Ricotta & Wheat Pies [start of a new Easter tradition]

Ricotta & wheat pies are not an Easter tradition in my own family, but I have declared it a new tradition from here on out. They are crusted with a pasta frolla (a kind of shortbread), and then filled with a sweet ricotta filling, either adding chocolate or wheat berries at the end. My grandmother always made Sicilian Easter Rings growing up, and next year I’ll tackle those as a new project.

I made a total of 8 pies for Easter to give away as gifts and bring to the various households (both my boyfriend and I come from split families, so there’s always double to dish out) It was not a small feat considering my sad excuse for a kitchen and erratic stove. They turned out fabulous to my surprise. I used two different ricotta bases, and the version with the wheat was the general favorite. The wheat pies turned out lighter and creamier, whereas the ricotta pies were thicker and denser.

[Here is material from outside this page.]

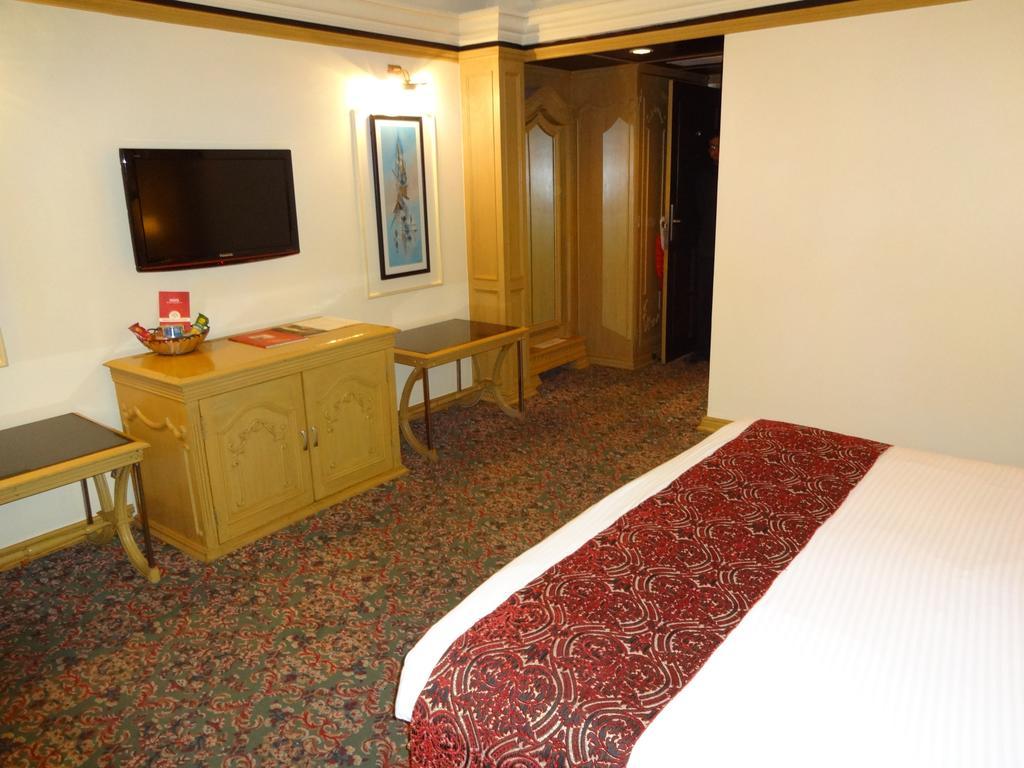 Hotel Babylon International Raipur  Exterior photo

SO, I’ve adapted the recipe so that the base is the same, and you can simply add the wheat or chocolate chips at the end.

This recipe makes two pies. Go ahead and make the dough 1 full day in advance. It softens very, very quickly once you begin handling it. Make the wheat berries in advance too (takes about 1 hour or so).

Pasta Frolla- The Dough

  • 4 sticks of butter, room temp.
  • 2 cups sugar
  • 1 teaspoon lemon zest
  • 1 teaspoon orange zest
  • 1 teaspoon vanilla extract
  • 1 teaspoon honey
  • 1/4 teaspoon baking soda
  • 1/4 teaspoon baking powder
  • 1/2 cup water, room temp.
  • 4 cups flour

1. Cream together the butter and sugar in a large bowl until light and fluffy.

2. Add the zests, the honey, the baking soda and baking powder. Mix for about 1 minute until everything is really incorporated.

3. Add the water, beating at medium speed until you’ve created a liquid batter.

4. Add the flour and mix until you’ve created a nice little ball of dough. Do not over-mix or knead it like you would if you were making pizza dough.

5. Wrap it in plastic wrap and refrigerate overnight or for a full day.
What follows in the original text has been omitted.